Context
Today marked the completion of the Home_Edit item placement system. After several days of iteration, refactoring, and bug fixing, the goal was to fully stabilize placement across all interior surfaces and ensure everything persisted correctly between sessions.
Final Placement Fixes
Most of today’s work focused on resolving remaining issues with wall and ceiling placement.

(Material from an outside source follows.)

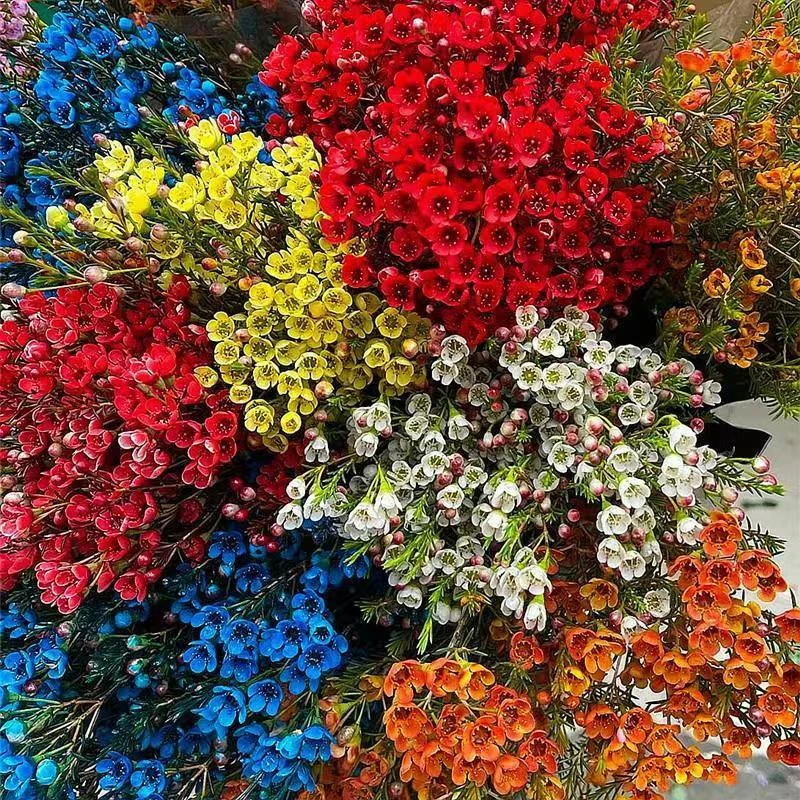 【买一送一】共600g澳洲腊梅鲜花花束直播现卖鲜切摆件云南基地直发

These were the most error‑prone cases due to camera orientation, coordinate transforms, and surface targeting.

With these fixes in place:
- Placement logic behaves consistently across all surfaces
- Visual indicators correctly reflect placement state
- Edge cases during re‑selection and movement are resolved
Persistence Pass
I completed a full persistence pass for home items:
- Items placed on the floor, walls, and ceiling now save correctly
- All items load back into the correct position and orientation
- Re‑selecting items after re‑entering the home works as expected
This was a critical milestone, since Home_Edit would not be viable without reliable save/load behavior.
Re‑Selection & Editing
Placed items are now fully editable:
- You can re‑select any placed object
- Move it to a new location
- Rotate it again
This applies uniformly across floor‑, wall‑, and ceiling‑mounted items.
Documentation & Agent Updates
To prevent future regressions, I:
- Updated internal documentation
- Revised instructions and context for the coding agents
- Clarified ownership boundaries and expected behaviors
This should reduce friction as more features are layered on top of Home_Edit.
Summary
What I accomplished:
- Completed home item placement for floor, wall, and ceiling surfaces.
- Fixed remaining bugs related to wall and ceiling placement.
- Finalized persistence for all placed home items.
- Enabled full re‑selection, movement, and rotation after placement.
- Updated documentation and agent guidance.
What I learned:
- Persistence is the true test of system completeness.
- Wall and ceiling interactions require extra architectural care.
- Clear documentation is essential once systems reach this level of complexity.